Shape the bread (Please refer to the video)
- Knead the dough until it goes back to its original size.
- With a rolling pin, flatten it into a rectangle shape until it’s about ½ cm thick.
- Brush the dough with oil. Then evenly sprinkle scallions, salt and five-spice powder (or ground Sichuan pepper).
- Roll the dough into a rope (from the shorter side). Cut it open lengthways. Then swirl it into a disc.
- Transfer the dough onto a baking tray (line it with parchment paper or dust with flour/cornmeal).
- Flatten with your hand. Brush a layer of oil. Then sprinkle sesame seeds.
- Leave to rest for about 10 mins.
Bake the bread
- Preheat the oven at 375°F/190°C/Fan 170°C/Gas 5. Place the baking tray onto the middle rack.

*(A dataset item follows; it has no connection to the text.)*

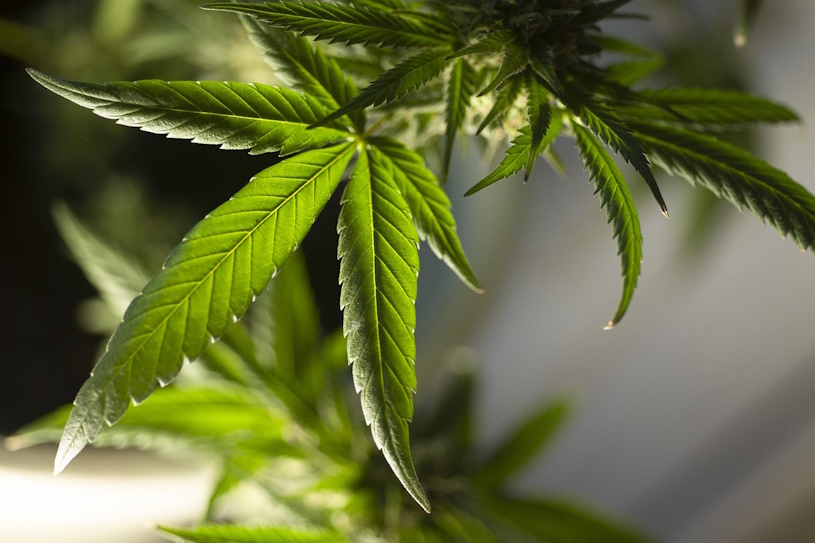 Cannabis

- Bake for 30-35 mins until evenly golden on the surface (see note 4). Serve warm.
Notes
- Adjust water quantity to achieve a soft yet non-sticky dough depending on your flour type.
- Instant dry yeast can be mixed directly; if using active dry yeast, dissolve it in water first.
- Partially substituting wholemeal flour (up to 30%) can add texture but may affect dough handling.
- Cooking times may vary by oven; watch closely to avoid overbaking on your first try.
Nutrition Information
Show DetailsNutrition Facts
Serving: 6servings
Amount Per Serving
Calories 355 kcal
% Daily Value*
| Serving | 1serving | |
| Calories | 355kcal | 18% |
| Carbohydrates | 67g | 22% |
| Protein | 9g | 18% |
| Fat | 5g | 8% |
| Saturated Fat | 1g | 5% |
| Polyunsaturated Fat | 2g | 12% |
| Monounsaturated Fat | 2g | 10% |
| Trans Fat | 0.03g | 2% |
| Sodium | 197mg | 8% |
| Potassium | 121mg | 3% |
| Fiber | 3g | 12% |
| Sugar | 2g | 4% |
| Vitamin A | 41IU | 1% |
| Vitamin C | 1mg | 1% |
| Calcium | 31mg | 3% |
| Iron | 4mg | 22% |
* Percent Daily Values are based on a 2,000 calorie diet.